Court of Appeals of Virginia
Jul 30, 1991
12 Va. App. 1036 (Va. Ct. App. 1991)

Summary

In Primm v. Primm, 12 Va. App. 1036, 1037-38, 407 S.E.2d 45, 46-47 (1991), the Court adopted the formula that is now widely used by courts in dividing the marital share of pensions: the numerator is the number of years from the date of marriage until the date of separation and the denominator is the number of years the employee is employed until retirement.

Summary of this case from Cassell v. Billips

Opinion

47142 No. 1797-90-1

Decided July 30, 1991

(1) Domestic Relations — Equitable Distribution — Pension and Profit Sharing Plans. — The authority for awarding a percentage of a pension, without a limit save for the fifty percent limitation, is plainly granted by statute; the structuring of the award is within the court's discretion.

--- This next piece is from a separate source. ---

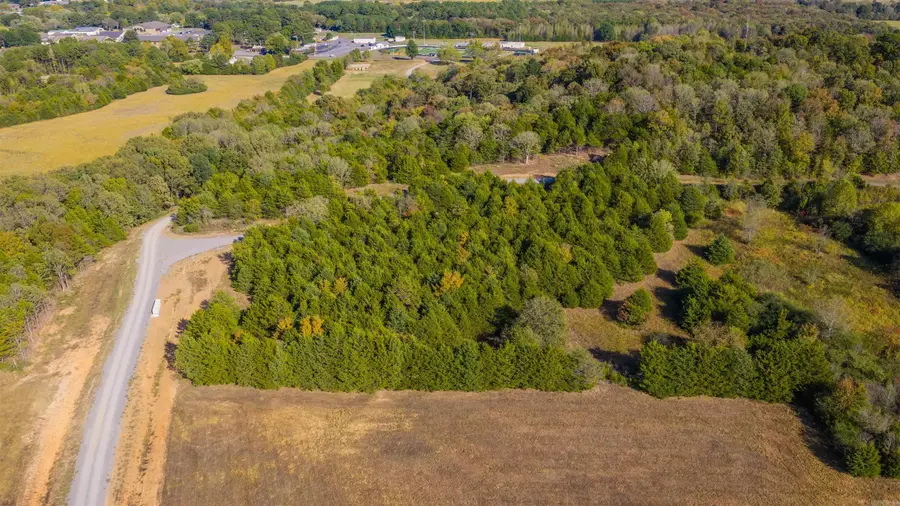 Lot 33 Summer Point, Quitman, AR 72131 - #3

(2) Domestic Relations — Equitable Distribution — Pension and Profit Sharing Plans. — A court is not required to set a specific dollar cap on an award so that the party may satisfy the award, in whole or in part, by the conveyance of other property; a present value calculation is of direct use only when payment of the portion of the monetary award attributable to the pension is to occur immediately rather than over a period of time.

Robin L. Tolerton (Tolerton and Brown, P.C., on brief), for appellant.

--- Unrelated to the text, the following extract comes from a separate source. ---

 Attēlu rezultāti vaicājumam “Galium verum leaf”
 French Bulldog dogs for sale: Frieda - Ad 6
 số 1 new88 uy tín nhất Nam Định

William B. Smith (Pender Coward, P.C., on brief), for appellee.


SUMMARY

Husband appealed the decision of the circuit court which awarded the wife twenty-five percent of the marital share of his pension benefits for so long as he received them. He argued that the trial court erred in not setting a cap of twenty-five percent of the pension's stipulated present value (Circuit Court of the City of Chesapeake, Russell I. Townsend Jr. Judge).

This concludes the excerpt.